MATERIAL SHOWN: Begin

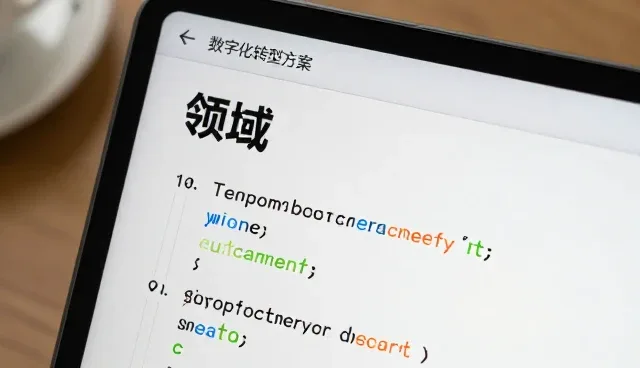 品牌升级中常见问题及应对策略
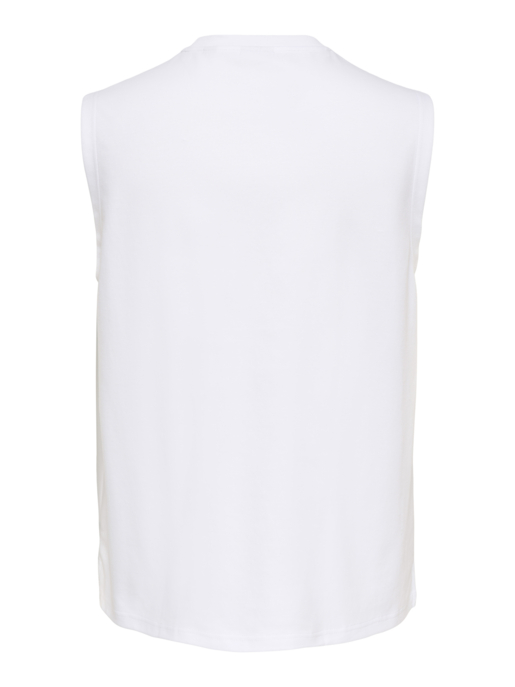 T-Shirt "ONSCaspian"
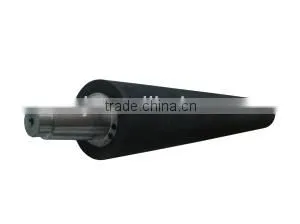 Printing Machine Rubber Roller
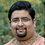 kumarshah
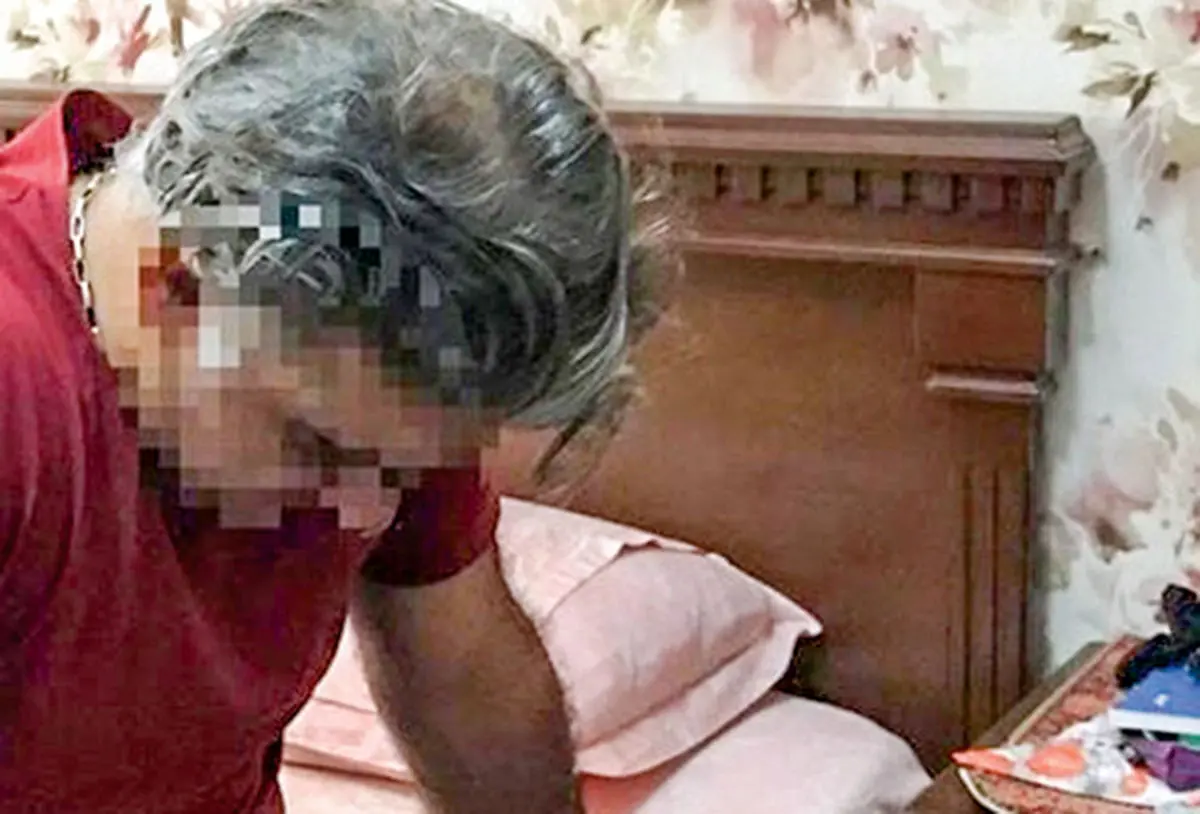 بررسی پنج پرونده جنايي مخوف از همزيستي كنار جسد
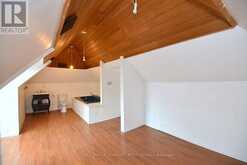 128 HESS STREET S | Hamilton Ontario | Slide Image Thirty-two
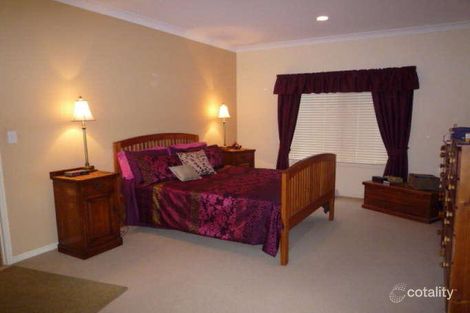 Property photo of 3 Breezeway Court Kuraby QLD 4112
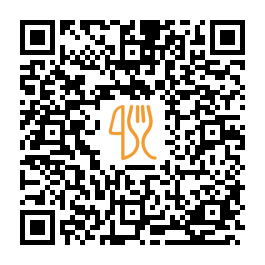 QR-code link para o menu de Ichiban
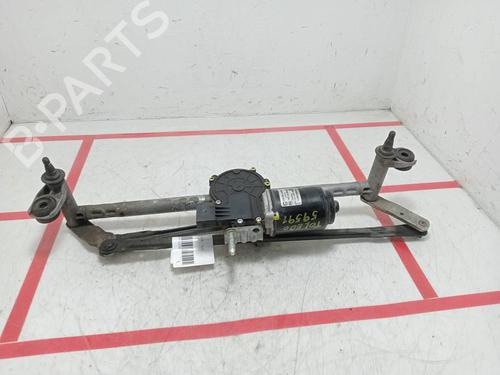 Used Front wiper motor Front wiper motor 33983058 33983058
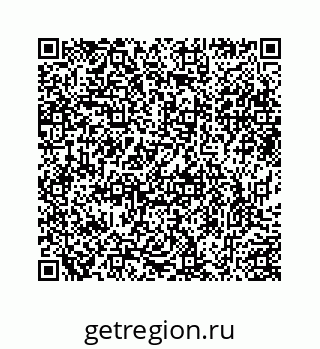 78725221855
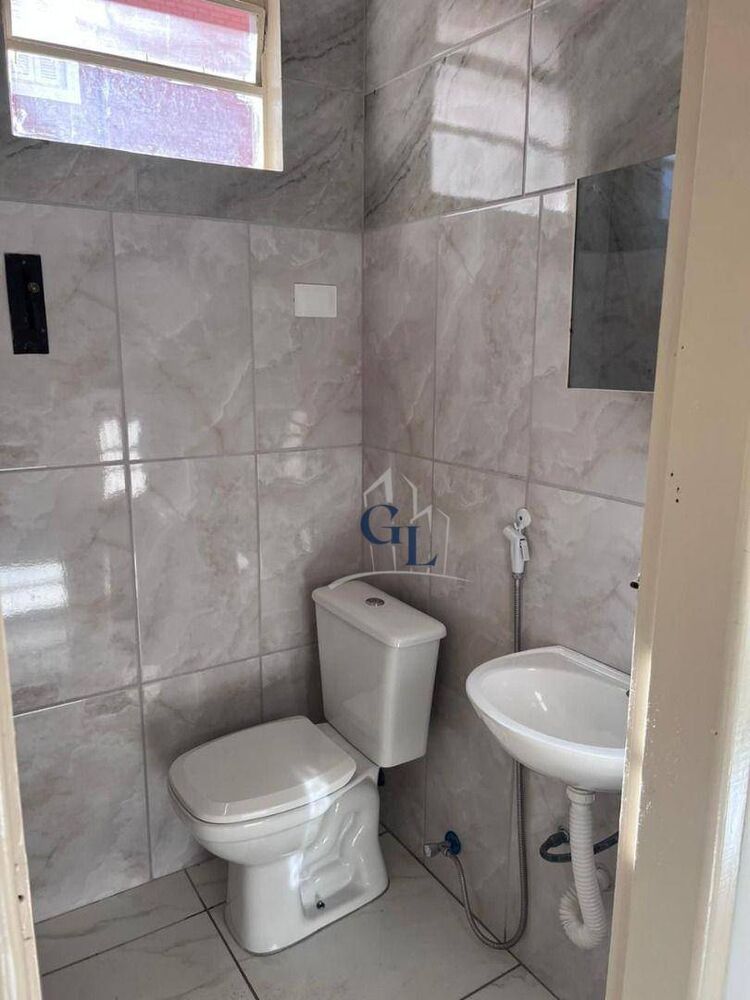 Casa, 4 quartos, 230 m² - Foto 5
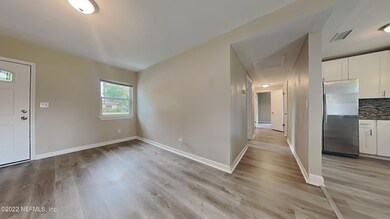 5311 Camille Ave, Jacksonville, FL 32210 - photo 2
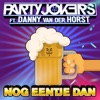 Nog Eentje Dan (feat. Danny van der Horst) - Single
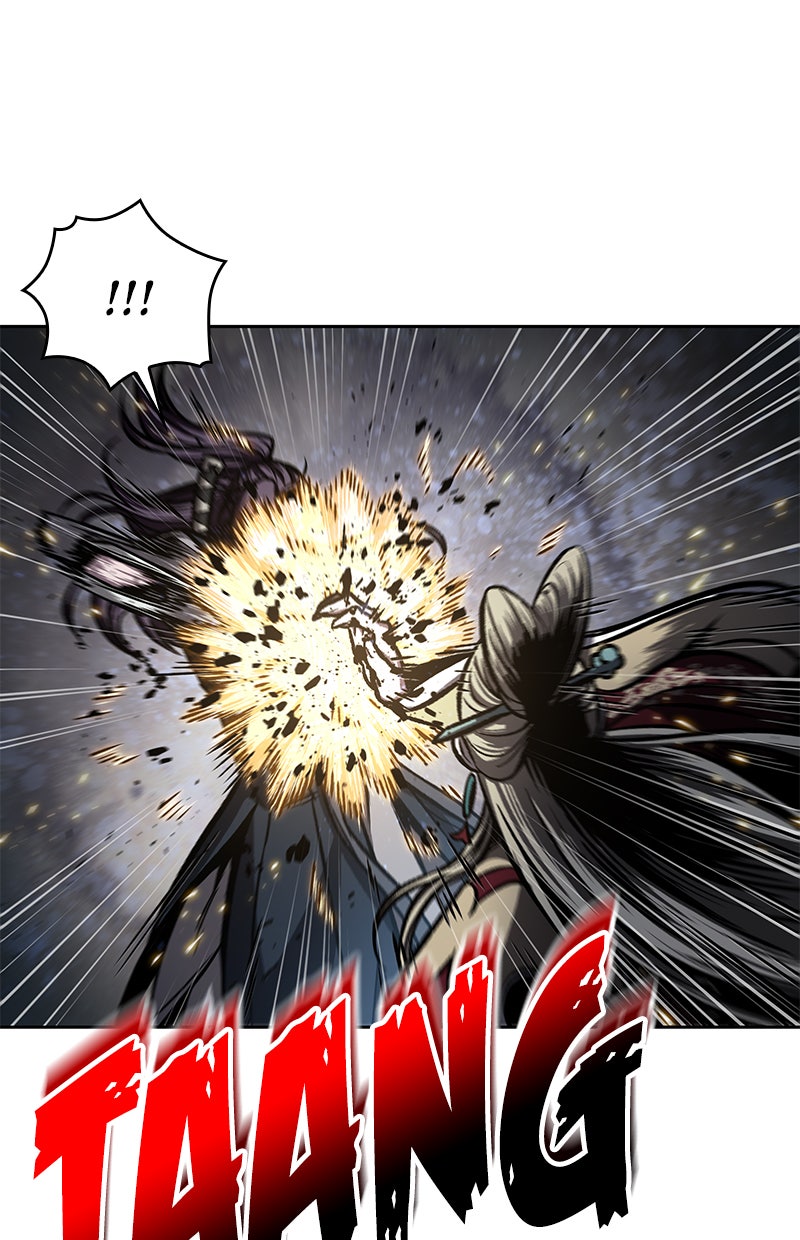 Read Nano Mashin chapter 89 image 46 on Lezhin
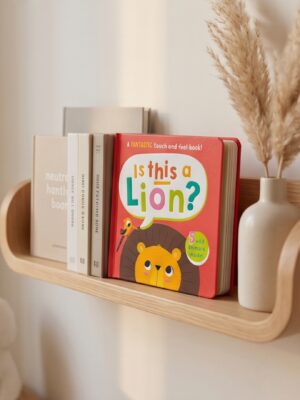 is-this-a-lion-touch-and-feel-board-book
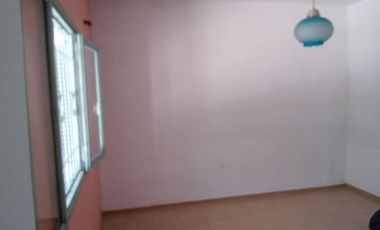 CASA 3 DORM   IDEAL DESARROLLOS  LAGUNA LARGA CBA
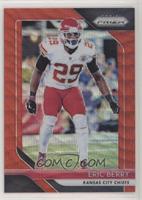 Eric Berry #/149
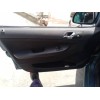 Recambio de guarnecido puerta delantera izquierda para skoda fabia (6y2/6y3) attractive referencia OEM IAM   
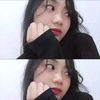 jiee100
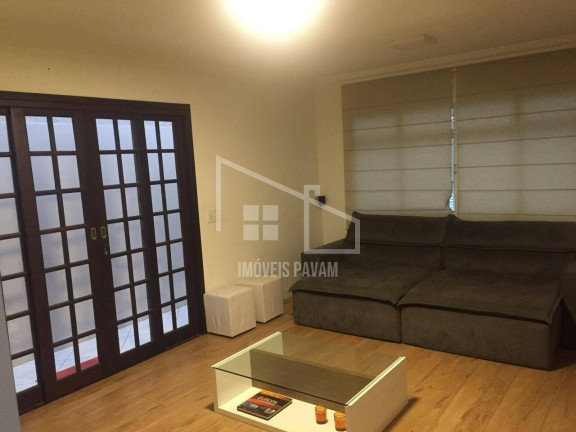 Imagem Casa com 3 Quartos à Venda, 141 m² em Paulicéia - São Bernardo Do Campo Imagem Casa com 3 Quartos à Venda, 141 m² em Paulicéia - São Bernardo Do Campo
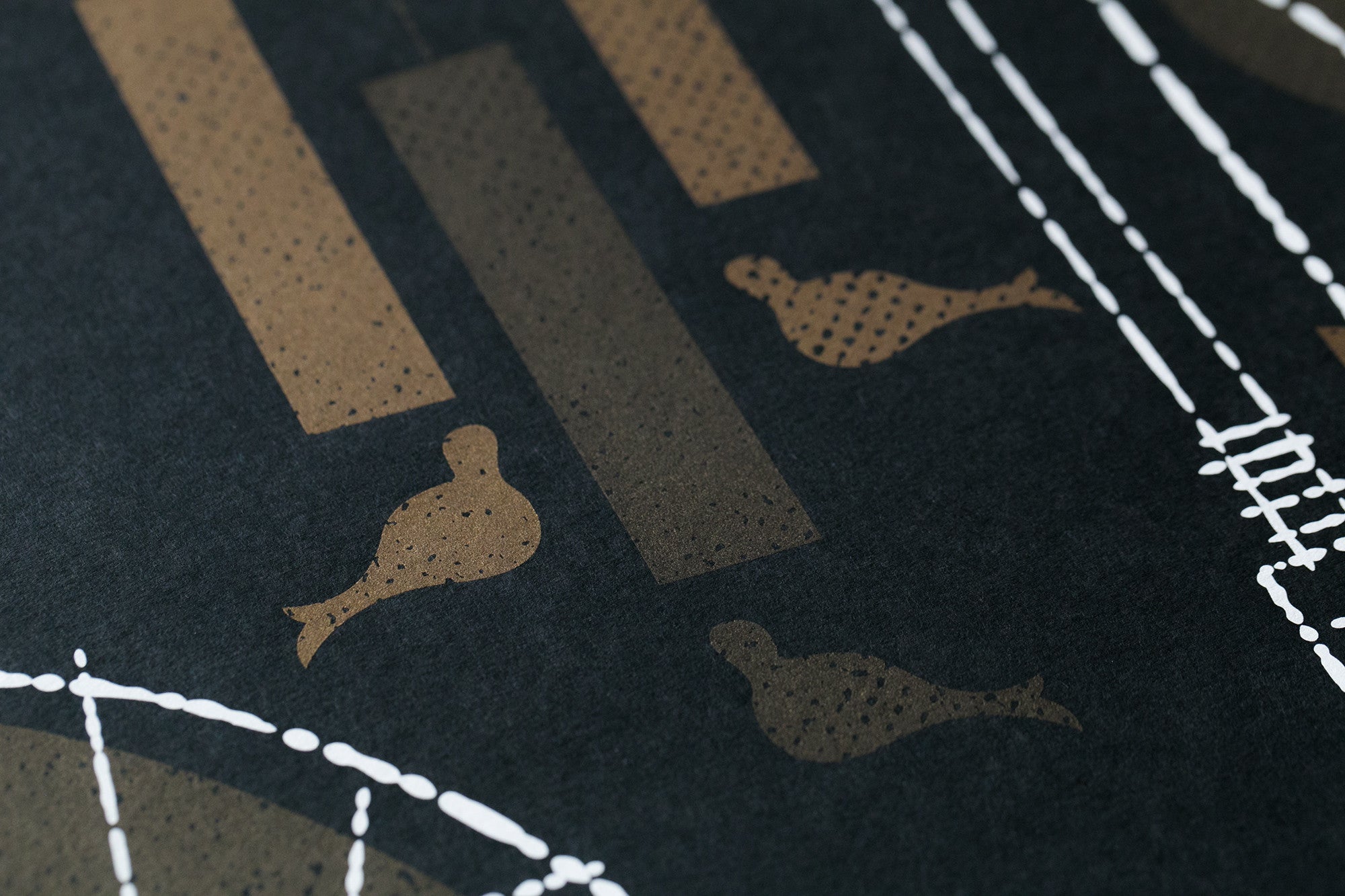 Star Wars | Return of the Jedi: Lando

MATERIAL SHOWN: End

● TASK DESCRIPTION: Starting at the line that contains "Casa, 4 quartos, 230 m² - Foto 5", reproduce exactly and only the lines through the end of the entries above, with the pictures excluded.

● OUTPUT BELOW:
 Casa, 4 quartos, 230 m² - Foto 5
 5311 Camille Ave, Jacksonville, FL 32210 - photo 2
 Nog Eentje Dan (feat. Danny van der Horst) - Single
 Read Nano Mashin chapter 89 image 46 on Lezhin
 is-this-a-lion-touch-and-feel-board-book
 CASA 3 DORM   IDEAL DESARROLLOS  LAGUNA LARGA CBA
 Eric Berry #/149
 Recambio de guarnecido puerta delantera izquierda para skoda fabia (6y2/6y3) attractive referencia OEM IAM   
 jiee100
 Imagem Casa com 3 Quartos à Venda, 141 m² em Paulicéia - São Bernardo Do Campo Imagem Casa com 3 Quartos à Venda, 141 m² em Paulicéia - São Bernardo Do Campo
 Star Wars | Return of the Jedi: Lando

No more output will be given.